## [YOUR TASK]
Beginning with the line that includes "Two more. The", return every remaining line of the material exactly as it reads, but not the pictures.

## [PROVIDED DATA]
++++
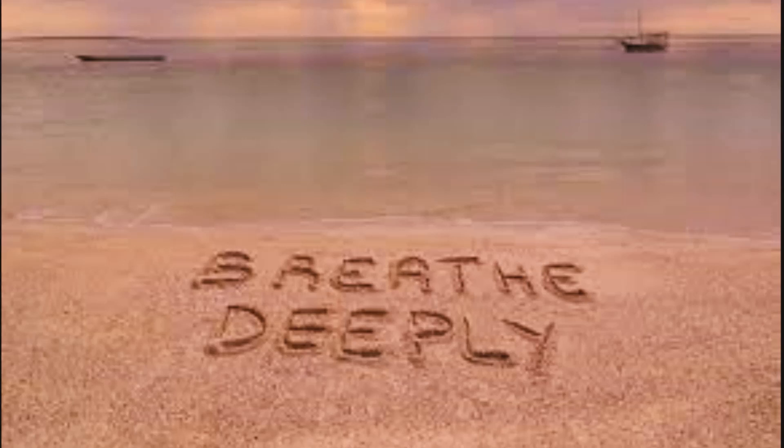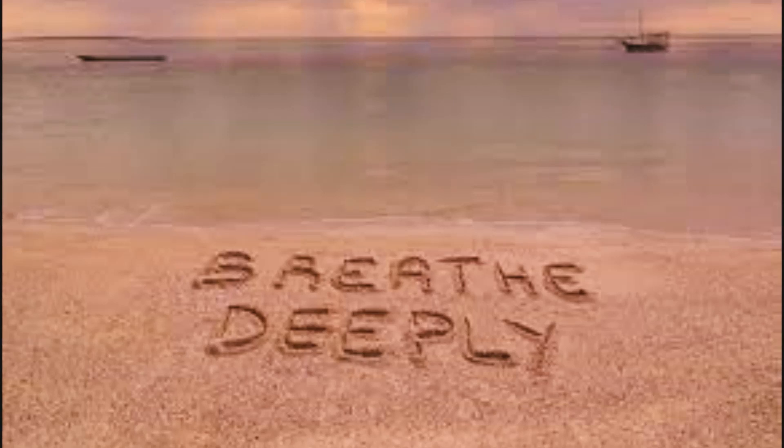Take a deep breath in, then slowly exhale. Repeat this several times.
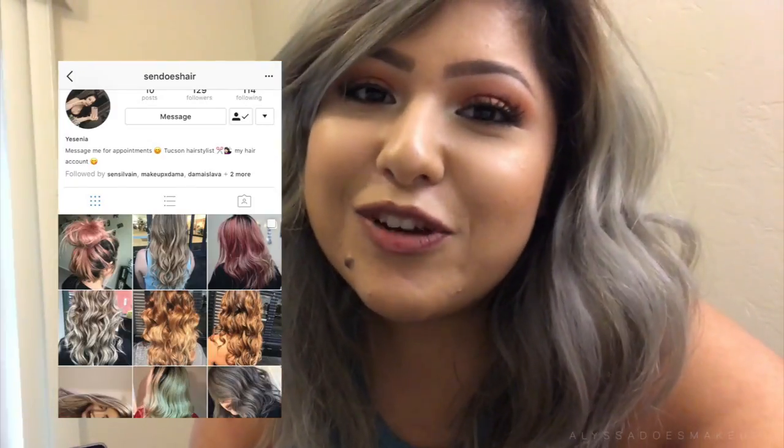Okay guys, so I just got done with the video and I wanted to add this part in because Sen is my friend — she's the one that does my hair. She bleaches my hair and cuts it; she just did this cut right after we finished filming and I am obsessed. I love shorter hair — it's more voluminous and more lightweight. If you guys are in the Tucson area and you're looking for a bomb stylist, she's good with bleach, color, and cuts. I'm gonna leave her Instagram account down below. Thank you Sen for doing this video with me, I love you. Hope you guys enjoyed it — I'll see you when I see you, bye guys.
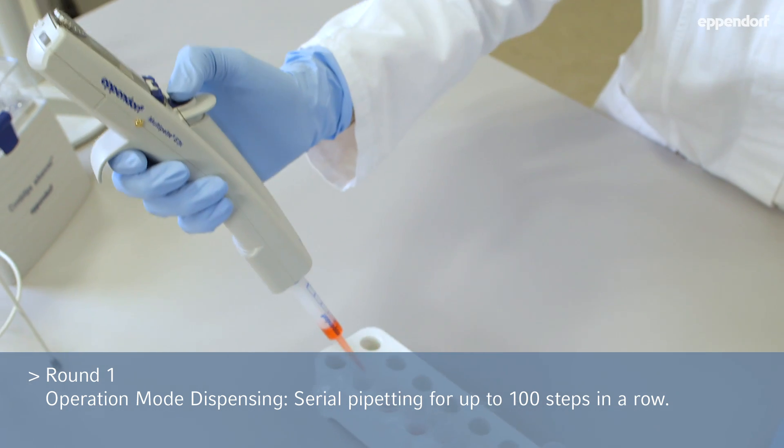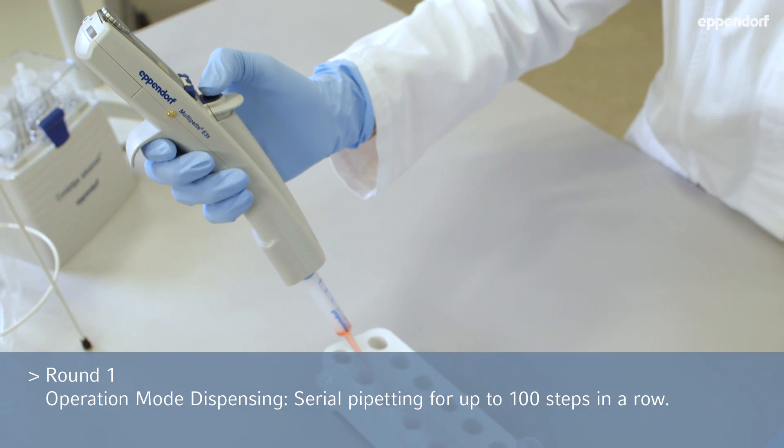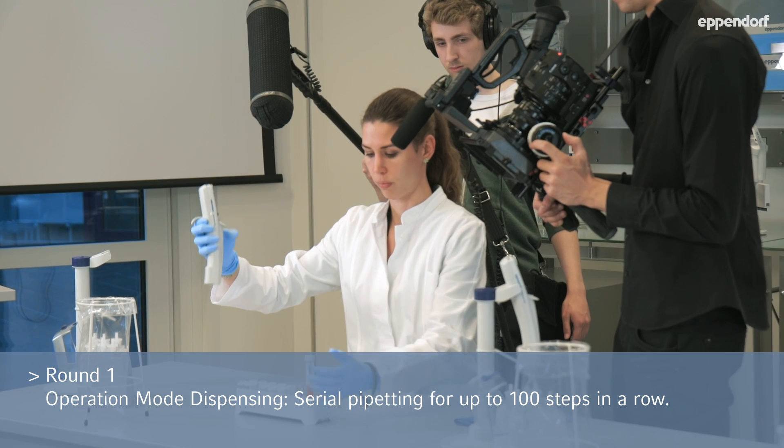Two more. The last tube. All is gone. Perfect.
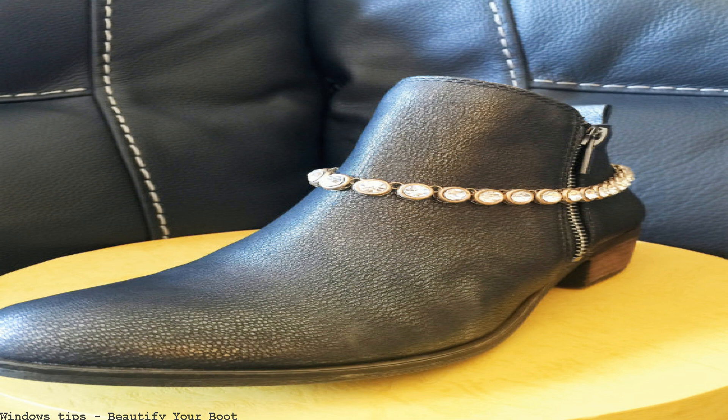Beautiful shoes that almost fit. Boots and heels — send me a message to be added. Here are some great ideas on how to decorate, bedazzle, and bling your cast, walking boot, and crutches. Add bedazzled jewels, ribbons, duct tape, and pink rain boots.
++++
## [SOLVED PROBLEM]
Two more. The last tube. All is gone. Perfect.
Beautiful shoes that almost fit. Boots and heels — send me a message to be added. Here are some great ideas on how to decorate, bedazzle, and bling your cast, walking boot, and crutches. Add bedazzled jewels, ribbons, duct tape, and pink rain boots.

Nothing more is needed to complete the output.